6

ROMANCE AND RUCTIONS

“Believe me, I know my France.” 1

—LOUIS NAPOLÉON TO HIS MEN

“Certainly the prospect of this marriage pleased me, but…” 2

—MATHILDE BONAPARTE REGARDING HER ENGAGEMENT TO LOUIS NAPOLÉON

On the face of it, it hardly seemed of immediate concern to the inhabitants of Schloss Arenenberg when in the spring of 1835 newspapers announced a deadly outbreak of cholera sweeping the ancient Tuscan capital of Florence. It had happened before, many times, and the socially prominent and wealthy simply left for the countryside. Louis Bonaparte left for the seaside, while his younger, fifty-one-year-old brother, Jérôme, his ailing wife, Catharine, son “Prince Jérôme,” Plon-Plon (Napoléon Joseph), and daughter Princess Mathilde, preferred the safety of Switzerland.
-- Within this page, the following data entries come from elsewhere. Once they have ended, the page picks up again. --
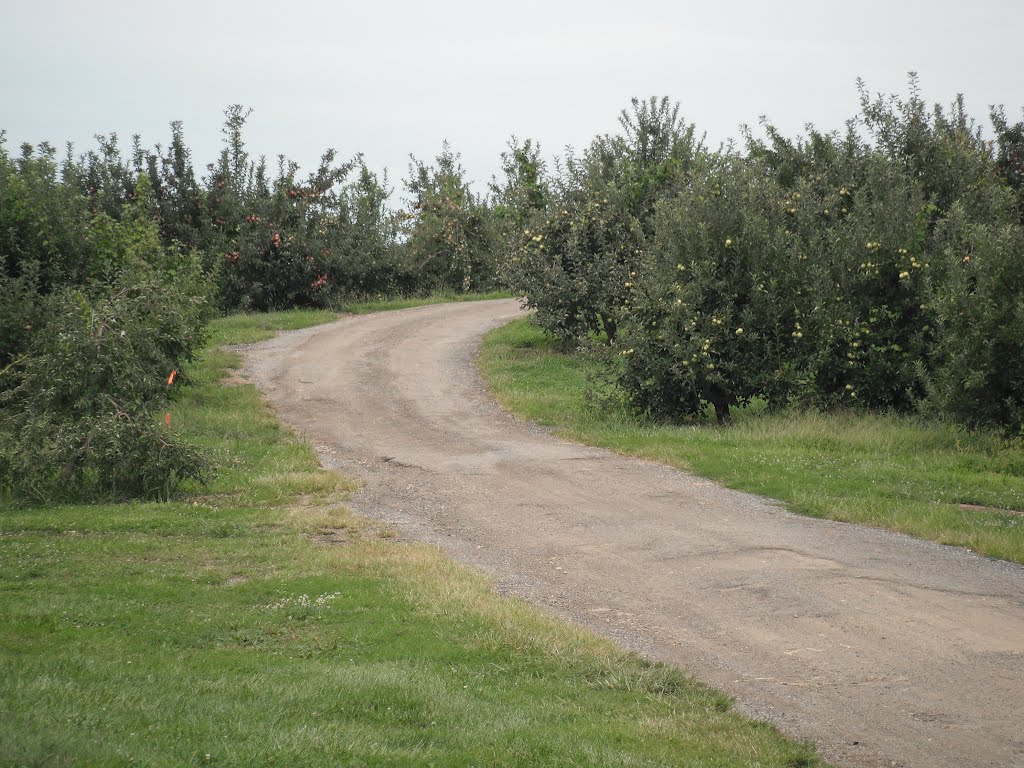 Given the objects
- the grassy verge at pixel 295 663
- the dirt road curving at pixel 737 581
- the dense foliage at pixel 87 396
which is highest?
the dense foliage at pixel 87 396

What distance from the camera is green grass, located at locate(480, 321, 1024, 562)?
10.5 metres

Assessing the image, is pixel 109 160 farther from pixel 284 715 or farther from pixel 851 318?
pixel 284 715

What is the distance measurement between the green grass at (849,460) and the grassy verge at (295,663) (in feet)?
14.9

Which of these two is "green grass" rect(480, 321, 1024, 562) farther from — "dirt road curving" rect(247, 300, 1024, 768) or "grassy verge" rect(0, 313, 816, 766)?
"grassy verge" rect(0, 313, 816, 766)

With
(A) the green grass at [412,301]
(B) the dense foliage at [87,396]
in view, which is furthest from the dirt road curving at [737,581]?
(A) the green grass at [412,301]

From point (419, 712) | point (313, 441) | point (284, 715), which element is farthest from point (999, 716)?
point (313, 441)

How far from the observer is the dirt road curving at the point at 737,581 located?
5.88 m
Back in January 1831 the Jérôme Bonapartes had been obliged by the Vatican police to abruptly quit their comfortable Roman palazzo and move to Florence, thanks largely to Prince Louis Napoléon’s plotting with the Carbonari to bring Napoléon’s son, the Duke of Reichstadt, from Vienna to assume the crown of Italy.3

And now, four years later, Uncle Jérôme still resented the heavy price they had paid as a result of his wayward nephew Louis Napoléon’s hell-raising, as he settled into the villa of “Mon Repos,” near Lausanne, on the shore of Lake Geneva. Swiss doctors confirmed that Catherine was in an advanced stage of cancer. The once frantically gay princess rapidly succumbed, dying in the rented villa on the night of November 29–30, 1835.
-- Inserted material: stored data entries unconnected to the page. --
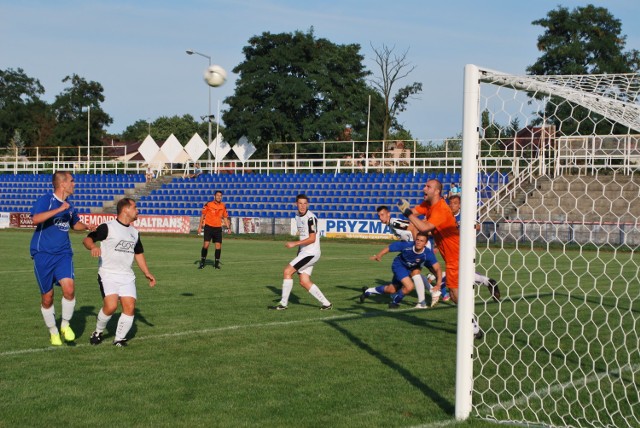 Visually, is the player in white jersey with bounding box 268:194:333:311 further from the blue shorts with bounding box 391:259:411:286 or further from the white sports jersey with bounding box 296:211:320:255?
the blue shorts with bounding box 391:259:411:286

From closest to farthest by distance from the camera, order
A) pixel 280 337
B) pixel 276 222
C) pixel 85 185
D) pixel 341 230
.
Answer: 1. pixel 280 337
2. pixel 341 230
3. pixel 276 222
4. pixel 85 185

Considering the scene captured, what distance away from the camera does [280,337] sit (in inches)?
402

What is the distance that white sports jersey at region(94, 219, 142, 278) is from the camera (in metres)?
9.38

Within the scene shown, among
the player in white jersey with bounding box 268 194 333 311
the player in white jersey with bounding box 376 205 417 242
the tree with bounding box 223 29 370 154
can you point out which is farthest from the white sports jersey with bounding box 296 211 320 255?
the tree with bounding box 223 29 370 154

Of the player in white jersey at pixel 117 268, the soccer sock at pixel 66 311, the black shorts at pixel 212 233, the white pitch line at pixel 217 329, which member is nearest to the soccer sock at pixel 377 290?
the white pitch line at pixel 217 329

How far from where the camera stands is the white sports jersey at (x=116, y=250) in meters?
9.38

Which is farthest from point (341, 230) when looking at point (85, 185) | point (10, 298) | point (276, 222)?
point (10, 298)

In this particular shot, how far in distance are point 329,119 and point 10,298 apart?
5257 cm

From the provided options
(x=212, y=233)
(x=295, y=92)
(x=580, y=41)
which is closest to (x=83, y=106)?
(x=295, y=92)

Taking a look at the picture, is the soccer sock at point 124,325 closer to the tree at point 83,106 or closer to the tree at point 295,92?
the tree at point 295,92

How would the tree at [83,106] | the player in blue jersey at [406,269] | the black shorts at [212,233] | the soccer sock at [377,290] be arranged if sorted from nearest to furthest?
the player in blue jersey at [406,269] < the soccer sock at [377,290] < the black shorts at [212,233] < the tree at [83,106]

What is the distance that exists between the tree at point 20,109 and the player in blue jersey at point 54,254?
8809 centimetres

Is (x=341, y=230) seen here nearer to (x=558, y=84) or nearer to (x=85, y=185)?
(x=85, y=185)

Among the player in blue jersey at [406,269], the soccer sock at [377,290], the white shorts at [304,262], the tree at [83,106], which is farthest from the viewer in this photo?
the tree at [83,106] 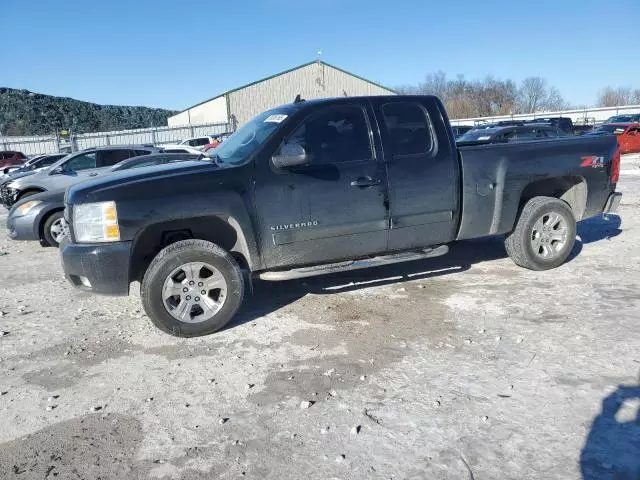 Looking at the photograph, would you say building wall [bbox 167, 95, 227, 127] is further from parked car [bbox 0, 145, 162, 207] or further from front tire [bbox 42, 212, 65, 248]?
front tire [bbox 42, 212, 65, 248]

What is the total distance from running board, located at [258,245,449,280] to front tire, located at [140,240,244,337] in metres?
0.34

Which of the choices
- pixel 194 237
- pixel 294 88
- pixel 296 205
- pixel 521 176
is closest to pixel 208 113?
pixel 294 88

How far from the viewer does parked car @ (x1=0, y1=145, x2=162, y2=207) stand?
11.5 meters

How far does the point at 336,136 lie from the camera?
4910 millimetres

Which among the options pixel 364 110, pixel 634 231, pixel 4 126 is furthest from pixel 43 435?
pixel 4 126

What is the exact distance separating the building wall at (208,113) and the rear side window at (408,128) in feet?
140

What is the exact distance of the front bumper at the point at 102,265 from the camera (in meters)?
4.26

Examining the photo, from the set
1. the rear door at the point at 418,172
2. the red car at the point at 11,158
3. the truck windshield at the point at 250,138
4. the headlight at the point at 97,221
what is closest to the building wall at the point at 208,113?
the red car at the point at 11,158

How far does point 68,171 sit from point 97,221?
843cm

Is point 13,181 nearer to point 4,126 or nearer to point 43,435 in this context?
point 43,435

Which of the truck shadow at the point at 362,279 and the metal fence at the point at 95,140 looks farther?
the metal fence at the point at 95,140

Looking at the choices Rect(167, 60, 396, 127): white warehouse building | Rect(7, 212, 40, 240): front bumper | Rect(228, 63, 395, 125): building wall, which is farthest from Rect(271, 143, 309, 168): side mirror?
Rect(228, 63, 395, 125): building wall

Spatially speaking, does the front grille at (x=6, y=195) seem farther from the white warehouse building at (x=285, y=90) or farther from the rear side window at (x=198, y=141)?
the white warehouse building at (x=285, y=90)

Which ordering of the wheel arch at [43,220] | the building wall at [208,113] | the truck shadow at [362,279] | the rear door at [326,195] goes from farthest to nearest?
the building wall at [208,113] → the wheel arch at [43,220] → the truck shadow at [362,279] → the rear door at [326,195] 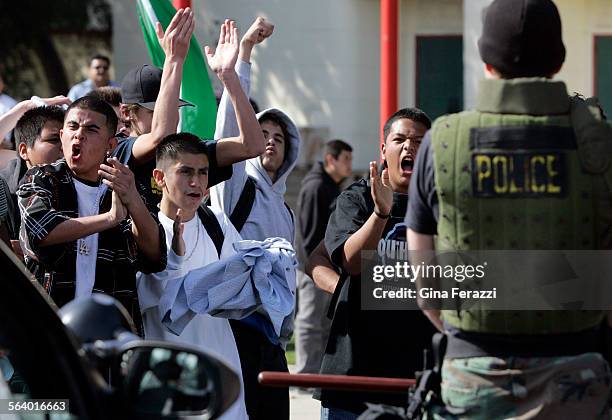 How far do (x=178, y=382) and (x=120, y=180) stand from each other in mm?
1912

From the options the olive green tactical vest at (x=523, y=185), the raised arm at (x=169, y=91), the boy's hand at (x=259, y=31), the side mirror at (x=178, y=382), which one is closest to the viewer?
the side mirror at (x=178, y=382)

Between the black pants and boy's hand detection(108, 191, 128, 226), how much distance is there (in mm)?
1029

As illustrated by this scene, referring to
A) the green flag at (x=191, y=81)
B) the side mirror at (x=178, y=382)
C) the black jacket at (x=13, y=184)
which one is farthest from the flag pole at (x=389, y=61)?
the side mirror at (x=178, y=382)

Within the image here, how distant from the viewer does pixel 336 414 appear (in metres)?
4.79

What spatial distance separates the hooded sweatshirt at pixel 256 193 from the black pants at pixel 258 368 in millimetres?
92

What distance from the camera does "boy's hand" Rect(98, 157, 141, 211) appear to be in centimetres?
468

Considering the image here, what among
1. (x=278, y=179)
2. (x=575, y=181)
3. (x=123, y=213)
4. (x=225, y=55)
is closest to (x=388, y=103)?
(x=278, y=179)

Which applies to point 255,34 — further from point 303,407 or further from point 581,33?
point 581,33

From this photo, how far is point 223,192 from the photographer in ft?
19.4

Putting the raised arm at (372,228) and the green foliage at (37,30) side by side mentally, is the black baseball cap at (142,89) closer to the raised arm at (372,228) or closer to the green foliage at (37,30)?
the raised arm at (372,228)

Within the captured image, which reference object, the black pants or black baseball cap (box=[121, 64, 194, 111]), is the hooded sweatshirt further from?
black baseball cap (box=[121, 64, 194, 111])

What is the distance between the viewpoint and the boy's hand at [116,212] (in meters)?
4.66

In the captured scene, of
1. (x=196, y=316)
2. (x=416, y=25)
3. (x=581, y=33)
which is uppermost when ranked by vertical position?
(x=416, y=25)

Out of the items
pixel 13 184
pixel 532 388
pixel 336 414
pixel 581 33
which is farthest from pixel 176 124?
pixel 581 33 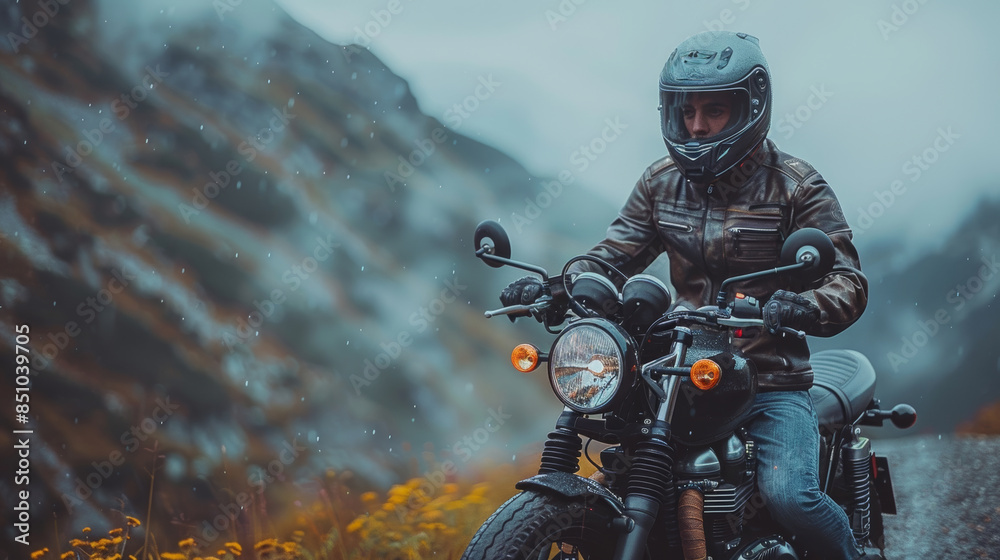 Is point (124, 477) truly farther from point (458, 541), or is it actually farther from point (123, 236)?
point (458, 541)

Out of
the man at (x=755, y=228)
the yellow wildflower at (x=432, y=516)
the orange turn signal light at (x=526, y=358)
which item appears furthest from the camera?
the yellow wildflower at (x=432, y=516)

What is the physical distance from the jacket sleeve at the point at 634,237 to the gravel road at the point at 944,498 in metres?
2.54

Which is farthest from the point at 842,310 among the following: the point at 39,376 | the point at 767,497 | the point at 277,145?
the point at 39,376

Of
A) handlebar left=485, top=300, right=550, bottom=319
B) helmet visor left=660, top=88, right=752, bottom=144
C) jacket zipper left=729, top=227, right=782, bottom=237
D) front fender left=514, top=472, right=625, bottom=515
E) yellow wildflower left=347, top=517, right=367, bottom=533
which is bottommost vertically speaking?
yellow wildflower left=347, top=517, right=367, bottom=533

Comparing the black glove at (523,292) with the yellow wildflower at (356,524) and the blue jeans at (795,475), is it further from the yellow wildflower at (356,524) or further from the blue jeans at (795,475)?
the yellow wildflower at (356,524)

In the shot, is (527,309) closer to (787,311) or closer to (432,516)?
(787,311)

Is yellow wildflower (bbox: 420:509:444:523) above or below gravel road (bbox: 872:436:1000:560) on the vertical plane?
below

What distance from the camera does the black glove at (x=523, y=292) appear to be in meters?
2.83

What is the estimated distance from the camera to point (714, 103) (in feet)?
9.99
The funeral of the princess was not the only thing on Jérôme Bonaparte’s mind now, however, for the death of his wife also meant the immediate loss of the two main sources of the family’s income, derived from two “pensions” granted her by the former tsar Alexander and her father, Friedrich I, king of Württemberg. With the family treasury suddenly depleted—thanks to Jérôme’s squandering of his entire estate and his here-today-gone-tomorrow champagne mentality—and the inevitable marriage of his blossoming fifteen-year-old, dowryless daughter Mathilde to think of in the near future, for almost the first time in his erratic, sometimes violent life, libertine, gambler, and womanizer Jérôme Bonaparte had to sit down and do some serious thinking. And then once again, as it always seemed to transpire in his feckless existence, an unexpected, if still rather dim, light shone on the horizon.
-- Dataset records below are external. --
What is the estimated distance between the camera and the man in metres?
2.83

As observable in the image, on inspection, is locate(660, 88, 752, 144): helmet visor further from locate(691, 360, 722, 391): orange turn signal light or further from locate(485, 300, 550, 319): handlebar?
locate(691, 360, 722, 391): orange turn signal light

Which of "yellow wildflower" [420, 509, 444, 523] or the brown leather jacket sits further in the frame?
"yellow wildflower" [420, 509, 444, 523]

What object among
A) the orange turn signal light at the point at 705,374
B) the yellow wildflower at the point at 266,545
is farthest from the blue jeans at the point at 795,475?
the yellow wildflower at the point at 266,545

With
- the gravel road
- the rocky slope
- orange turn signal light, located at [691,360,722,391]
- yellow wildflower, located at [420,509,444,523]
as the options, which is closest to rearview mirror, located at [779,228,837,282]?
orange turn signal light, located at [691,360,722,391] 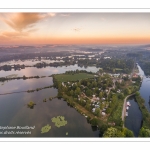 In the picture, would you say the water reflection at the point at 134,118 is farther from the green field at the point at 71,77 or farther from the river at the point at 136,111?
the green field at the point at 71,77

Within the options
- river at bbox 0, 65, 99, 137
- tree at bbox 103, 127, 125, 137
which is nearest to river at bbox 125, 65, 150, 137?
tree at bbox 103, 127, 125, 137

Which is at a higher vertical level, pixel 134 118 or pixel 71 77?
pixel 71 77

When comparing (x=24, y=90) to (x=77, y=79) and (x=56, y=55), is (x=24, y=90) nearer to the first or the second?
(x=56, y=55)

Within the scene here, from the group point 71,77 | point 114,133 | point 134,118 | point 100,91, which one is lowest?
point 134,118

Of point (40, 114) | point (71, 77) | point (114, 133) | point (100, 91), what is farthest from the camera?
point (71, 77)

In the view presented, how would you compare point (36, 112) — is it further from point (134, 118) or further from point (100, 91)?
point (134, 118)

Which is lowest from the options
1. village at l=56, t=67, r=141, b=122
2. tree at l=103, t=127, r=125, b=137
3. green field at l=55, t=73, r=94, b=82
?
tree at l=103, t=127, r=125, b=137

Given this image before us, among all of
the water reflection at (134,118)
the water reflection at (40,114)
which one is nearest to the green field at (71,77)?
the water reflection at (40,114)

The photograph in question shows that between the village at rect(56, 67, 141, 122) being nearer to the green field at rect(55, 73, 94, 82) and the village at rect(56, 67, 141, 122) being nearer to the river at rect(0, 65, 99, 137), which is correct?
the green field at rect(55, 73, 94, 82)

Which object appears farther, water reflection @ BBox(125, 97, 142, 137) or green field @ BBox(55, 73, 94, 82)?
green field @ BBox(55, 73, 94, 82)

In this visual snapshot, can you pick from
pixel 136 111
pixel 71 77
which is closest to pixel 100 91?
pixel 136 111

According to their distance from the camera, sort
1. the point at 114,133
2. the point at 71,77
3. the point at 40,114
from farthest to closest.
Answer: the point at 71,77 < the point at 40,114 < the point at 114,133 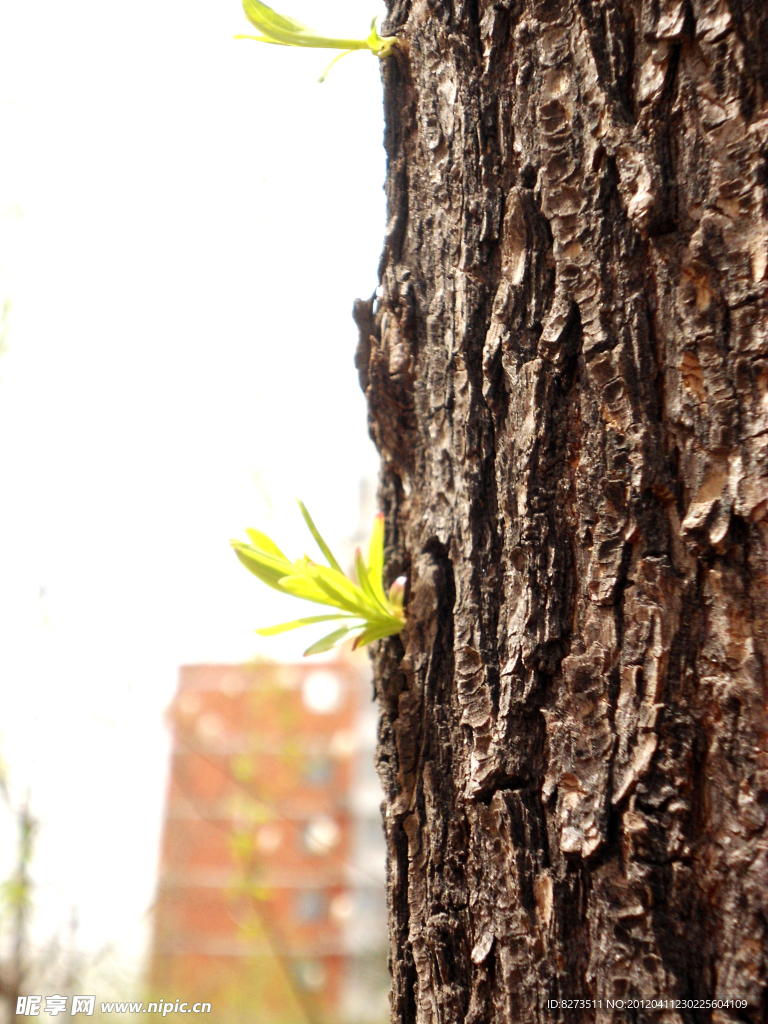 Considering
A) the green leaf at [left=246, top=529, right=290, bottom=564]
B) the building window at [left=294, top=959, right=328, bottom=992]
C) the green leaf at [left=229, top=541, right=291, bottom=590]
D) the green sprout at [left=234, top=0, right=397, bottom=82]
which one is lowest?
the building window at [left=294, top=959, right=328, bottom=992]

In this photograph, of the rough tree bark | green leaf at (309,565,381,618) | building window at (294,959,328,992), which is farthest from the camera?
building window at (294,959,328,992)

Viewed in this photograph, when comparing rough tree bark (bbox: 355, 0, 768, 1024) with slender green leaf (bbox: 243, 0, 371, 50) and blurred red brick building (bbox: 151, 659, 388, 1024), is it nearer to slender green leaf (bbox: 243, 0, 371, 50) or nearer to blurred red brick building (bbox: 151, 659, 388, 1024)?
slender green leaf (bbox: 243, 0, 371, 50)

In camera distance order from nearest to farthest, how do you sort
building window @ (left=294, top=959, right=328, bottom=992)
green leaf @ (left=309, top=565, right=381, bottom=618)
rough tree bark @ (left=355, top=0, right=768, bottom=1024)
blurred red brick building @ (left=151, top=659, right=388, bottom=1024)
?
rough tree bark @ (left=355, top=0, right=768, bottom=1024), green leaf @ (left=309, top=565, right=381, bottom=618), blurred red brick building @ (left=151, top=659, right=388, bottom=1024), building window @ (left=294, top=959, right=328, bottom=992)

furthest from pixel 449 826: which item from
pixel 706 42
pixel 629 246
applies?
pixel 706 42

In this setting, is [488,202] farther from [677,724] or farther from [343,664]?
[343,664]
Following the funeral and during his immediate sojourn to Stuttgart, nominally to visit Catherine’s relatives following her burial in the family crypt, but in reality to salvage his finances, Jérôme Bonaparte received an invitation from his sister-in-law, Hortense, to come with his grieving children for a visit to Schloss Arenenberg. While Jérôme’s feelings regarding his now twenty-seven-year-old nephew Louis Napoléon were not exactly warm at this stage, stripped of two-thirds of his income, this former king of Westphalia had to be realistic. The family’s small convoy of calèches was soon en route to the modest château overlooking Lake Constance. Of all the Bonapartes, Jérôme was the only one who personally liked and accepted Hortense. The other clan doors had been rudely shut these past two decades, leaving few possible suitors for his daughter.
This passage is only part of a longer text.